Kenema, Sierra Leone – When the Ebola ambulance team arrived to pick up the parents of eight-year-old Fatima Bockarie last month, they faced a tough decision. What to do with the child?
Fatima showed no symptoms of Ebola, but having lived in close proximity with her parents, the risk was huge that she, too, had contracted the disease.
Family and friends in the village were also aware of this and, as is common across the country, nobody was willing to take her in.

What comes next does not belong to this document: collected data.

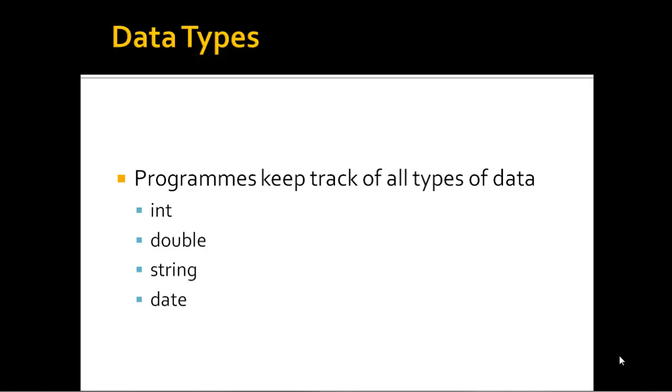What we've looked at so far is a few of them here. A program when it's running keeps track of all the data types that go in, like integers, doubles (that's where a fraction is), strings (could be the name of a person, the street, or the date). So C# as it's running will keep track of data and the type of data that it is.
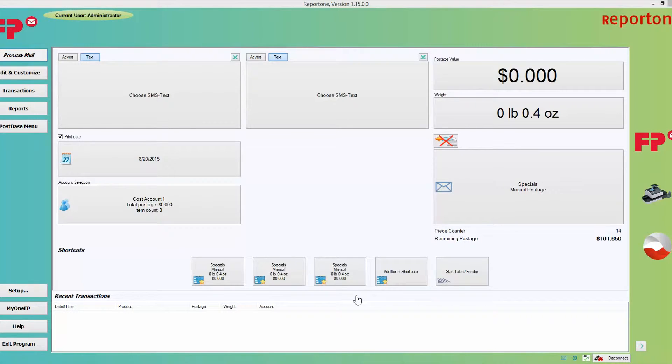Hi. In this lesson, you will be learning how to program a shortcut onto your PostBase by using remote one, report one.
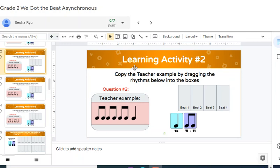Hi Soha, this is Dr. White, and I just wanted to help you with the assignment. What you're going to be doing is, it says, copy the teacher example by dragging the rhythms below into boxes.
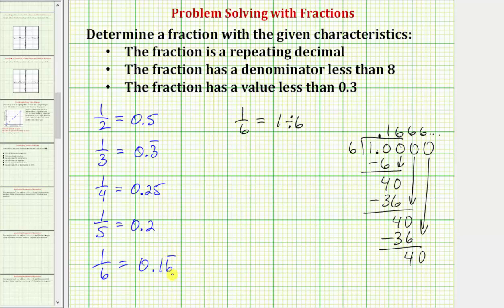Now I think we have the fraction we're looking for. Notice how this fraction does repeat, it does have a denominator less than eight because six is less than eight, and the value is less than 0.3. So the answer to our question is the fraction one sixth.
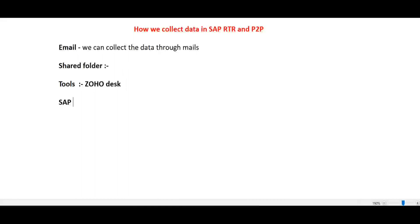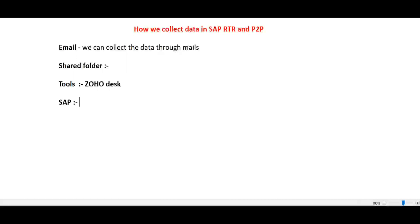In SAP, there are some organizations that create a specific T-code. That specific T-code is used to dump the data, so we can collect data.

You survived and you have this immunity. This is your shield. You are warriors.
Now she grins widely from behind a wire mesh fence in the eastern Sierra Leone town of Kenema, where the Red Cross is running a trial of a new system that employs Ebola survivors to care for high-risk children whose parents are being treated for the disease.
‘Warriors’ to the rescue
One such survivor is Mohamed Yillah, a former nurse at the Government Hospital in Kenema. Along with dozens of other staff at the hospital, he contracted Ebola in late July and spent two weeks battling the disease.
“Everyone thinks they will die when they get Ebola. We know there is no cure,” said Yillah, who was vomiting and had blood in his urine when he checked into the treatment centre. His elder sister was also infected, and she died days later.
When he was eventually discharged, no one would go near him. Even though Ebola survivors are not contagious, widespread fear among the community leads to many being cut off by their friends and family.
“They are my special forces,” said Joachim Gardemann, head of the Red Cross Ebola treatment centre in Kenema. “I tell them, ‘You survived and you have this immunity. This is your shield. You are warriors.'”
It is believed the antibodies that develop in the blood of Ebola survivors remain with them for up to 10 years. Crucially, this means they do not need to wear full protective equipment, or PPE, when dealing with the children.
|Ebola survivor Mohamed Yillah has developed immunity to the disease and can interact with children without the intrusive protective gear [Tommy Trenchard/Al Jazeera]|
“We’re in full PPE when we go in there. But in PPE you have to come out after 40 minutes,” said Gardemann.
The plastic suits that protect health workers from the virus are stifling to wear in Sierra Leone’s tropical heat. Wearing them in direct sunlight feels akin to being in a sauna.
Without PPE and the threat of contagion, staff can also offer a much higher level of care, especially for vulnerable children going through a deeply traumatic experience.
The aim, said Gardemann, is to create as normal an environment as possible, and for staff to be able to have their faces exposed is an important part of that.
It seems to be working. The children play and smile like children anywhere else, and they seem to have little awareness of the gravity of their situation. To them it is all a game.
The intimate bonds that have grown between them and the survivor staff is at the same time touching and tragic.
“This is my father,” said Fatima in the local Mende language, pointing at Yillah who stood by in blue scrubs keeping an eye on the five children currently inside the enclosure.
All of the children call him “papa”, and hug him frequently.
Tucked away out of sight just across the road in the much larger treatment centre for confirmed patients, their real parents were fighting for their lives.
Every now and then a child goes on to develop symptoms and is sent across the road to the treatment centre. Even those who escape the virus have a high chance of finding themselves orphans when they are discharged.
Gardemann said the system also provides a kind of psychological therapy for the survivors themselves, who often find it hard to go back to their pre-Ebola lives.
In time, Yillah’s family learned not to fear him. “I forced them to interact with me,” he said.
But for many, going back to their communities is not a comfortable option. At a time when they are most in need of emotional support, survivors are shunned and rejected. Many, too, carry a sense of guilt at having survived while others died, Gardemann said.
Some can be seen just passing the time at the treatment centres where they had been patients. One survivor woman still wanders into the Government Hospital in Kenema every night to sleep out on a bench in the “psychosocial” department.
“She feels more comfortable here than in her own community,” said a member of the hospital staff. “People here understand. They give her the attention she needs to be comfortable.”
For many survivors, joining the Ebola response is a cathartic experience and helps ease the struggle to reintegrate. “We see it in all disasters. People want to do something,” said Gardemann.